コロナ流行以前は、よく映画を観に行っていたのであるが、流行が始まってからは全然観に行かなくなった。
流行が収まってマスクをしなくてもよいという事態になっても、観に行かない癖がつて全然観に行かなくなっていた。
ところが、この秋、漫画「沈黙の艦隊」の実写映画が上映されることになった。単行本「沈黙の艦隊」32巻もある長編漫画、見かけたのは門真市図書館、読みかけるととても面白い、全部読んでしまった。
それの映画化、見ないわけにはいない、というので、観に出かけた。32巻全部という訳にはいかないから、初めの数巻だけのストーリー。しかし、久しぶりだしまあよかったというところだった。
そうなると、予告なんかを見ていると、観たくなるのが出てくる。
で、次に見たのが、「ゴジラ1.0」、その次が「首」。
さて、映画の中味より、映画館自体が真実と事実の関係のよく分かるところなのである。
暗がりの中の自分、これが真実である、そして、映画が投影される、これが映っていることは真実だが、投影された映像は事実である。
普通の世活では真実と事実の境目は分かりにくいが、映画館では分かり易い。
映画映し出されると、自分や周りのことが無視されて、画面に意識が集中、画面の中に意識が取り込まれ、画面の中の存在と思える時さえある。
こうなると自己の真実なんて忘れられてしまう。そして、映画が終わってふと我に帰る。
現実ではない、虚構の世界の中にいたのである。映画の場合は、そのことがよく分かる。
しかし、日常の場合も自分が作り出した映像の中、つまり、事実の世界の中にいるのである。

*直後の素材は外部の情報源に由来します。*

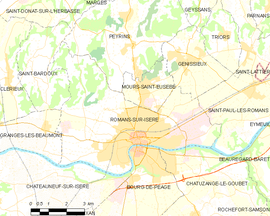 Mapa obce Romans-sur-Isère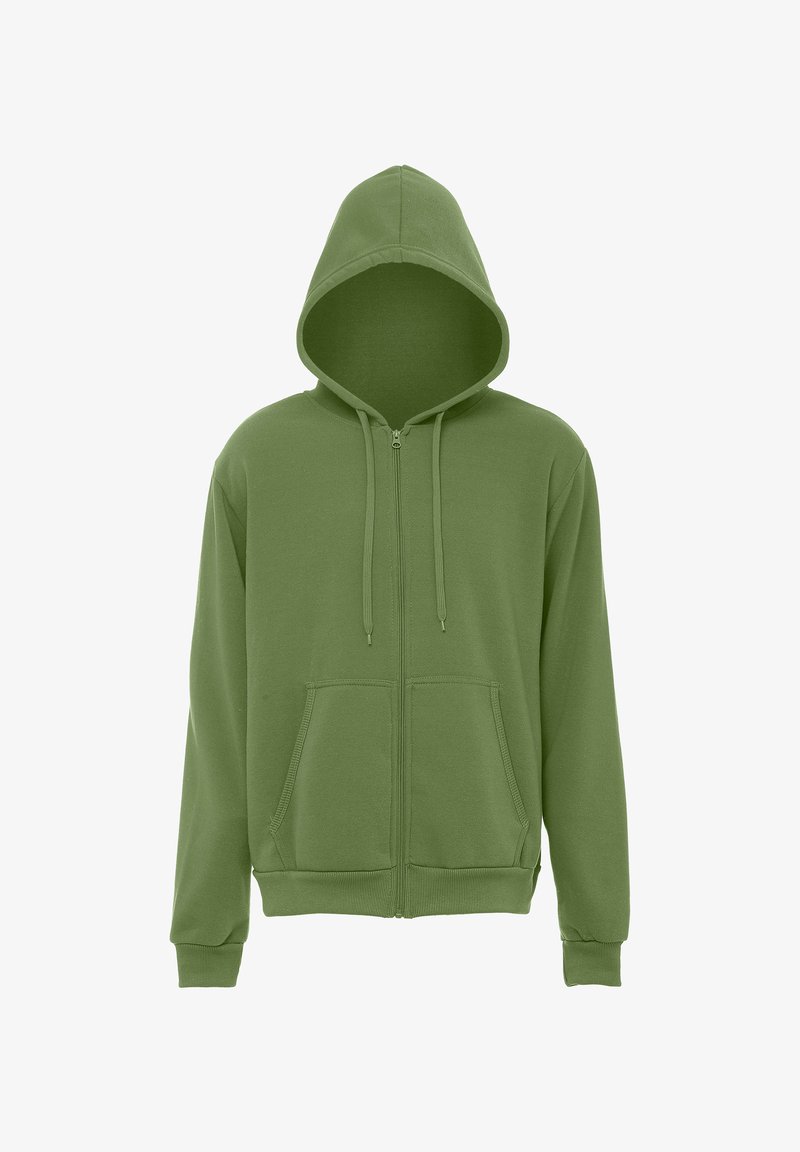 Grüne Zip-Hoodie mit Kordelzugkapuze, gerippten Bündchen und Saum sowie zwei Fronttaschen. Hergestellt aus weichem, strapazierfähigem Stoff.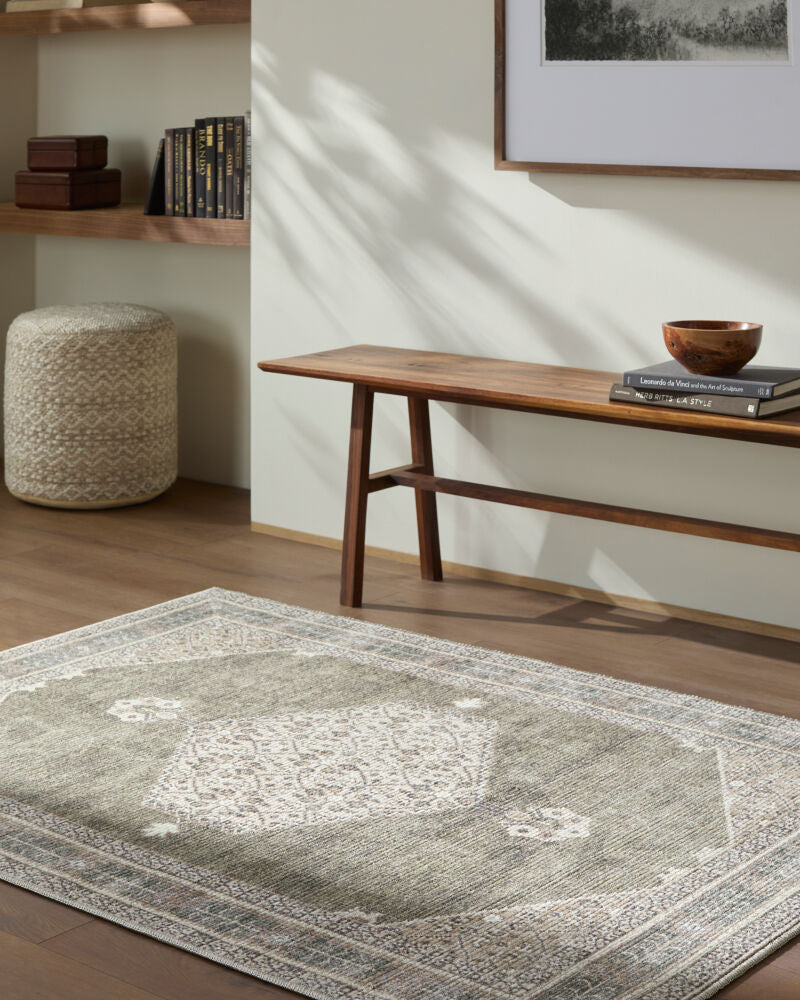 Lila Brown/Olive Machine Woven Rug - roomscene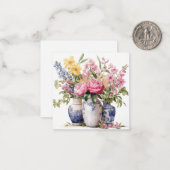 トリオオブフラワーブークツデルフトヴァーズフラットノートカード ノートカード (正面/裏面インサイチュ)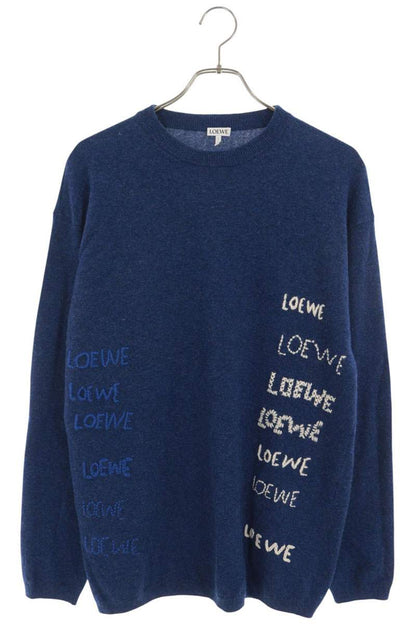 LOEWE Blue Wool Blend Logo Embroidered Knit Size S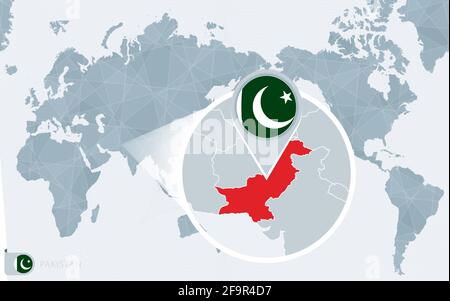 Pazifzentrierte Weltkarte mit vergrößerten Pakistan. Flagge und Landkarte von Pakistan auf Asien in Centre World Map. Stock Vektor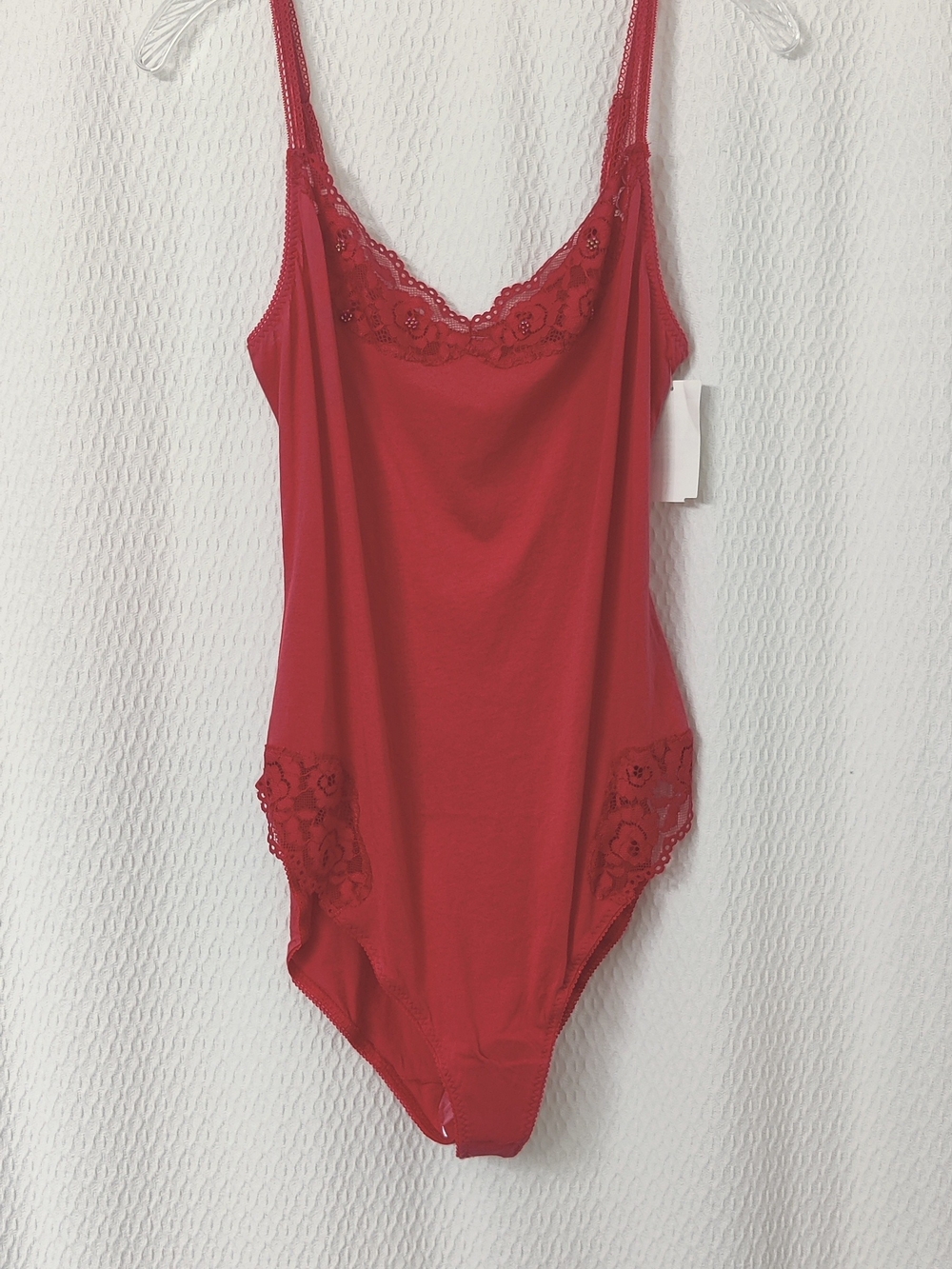 Intimately By Free People Red Lace & Cotton Bodysuit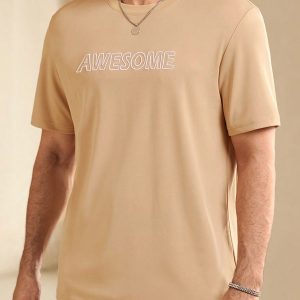 Manfinity KASUA Men Summer Letter Print Round Neck Short Sleeve Casual T-Shirt - Image 5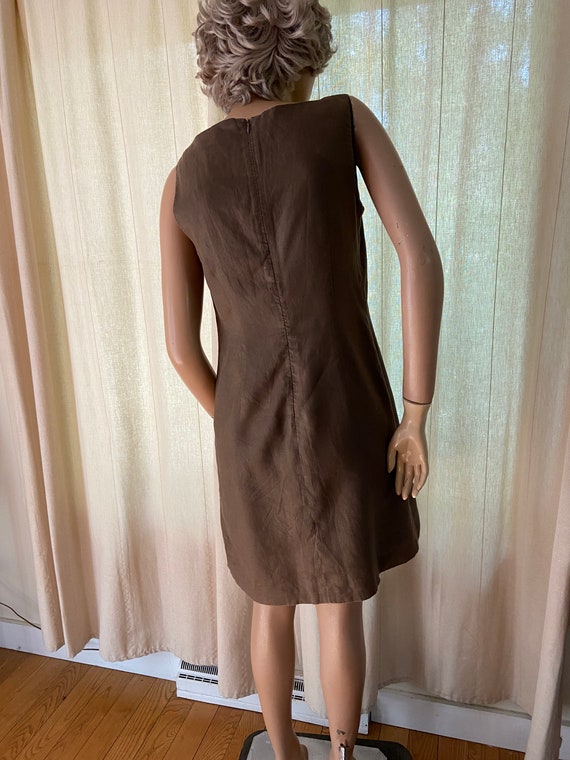 Vtg Carol Little Cocoa Brown Linen Dress With Whi… - image 5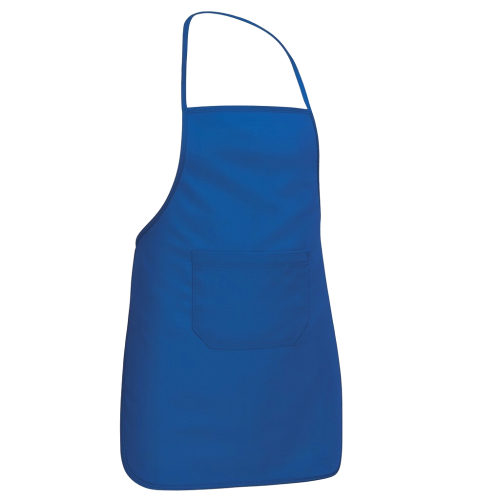 Chabrowy fartuch kuchenny dziecięcy z kieszenią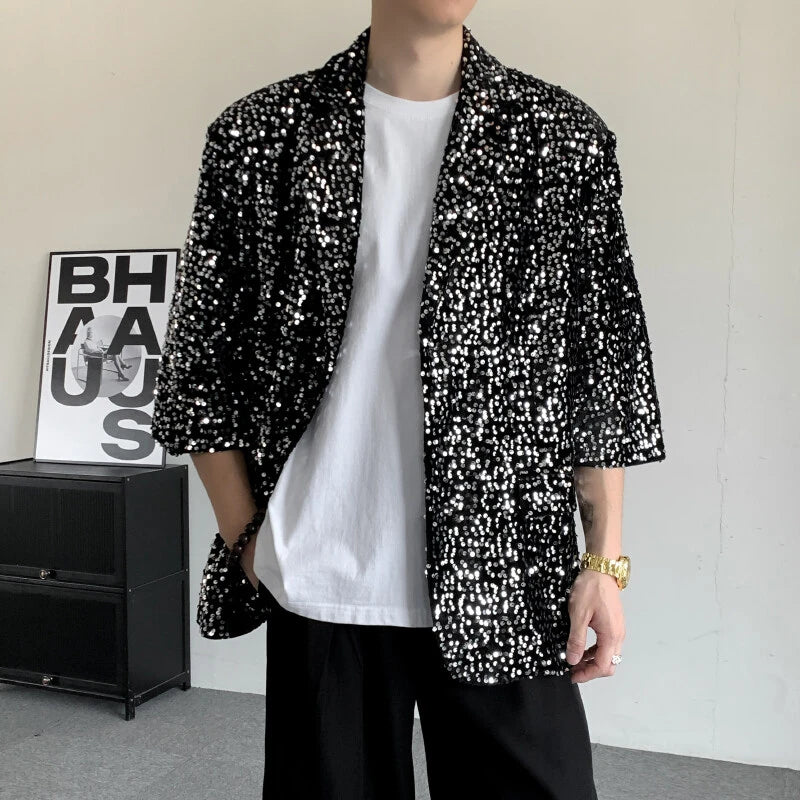 Fully Loaded Sequin Button Up Shirt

事実の世界は真実から浮いた世界、これを浮世というのだと思う。
さて、ついでながら、映画の世界は動画と思っているが、実際は静止画集まり1秒の間に24コマ、それが連続で映されることによって、パラパラ漫画のように動いて見えるのである。
人間の目は1秒間を200コマくらいにカットして、とぎれとぎれに物を見ているのだそうである。
自分の目で直に見たと言うものでも、自信を持って言える事実ではないと言うことである。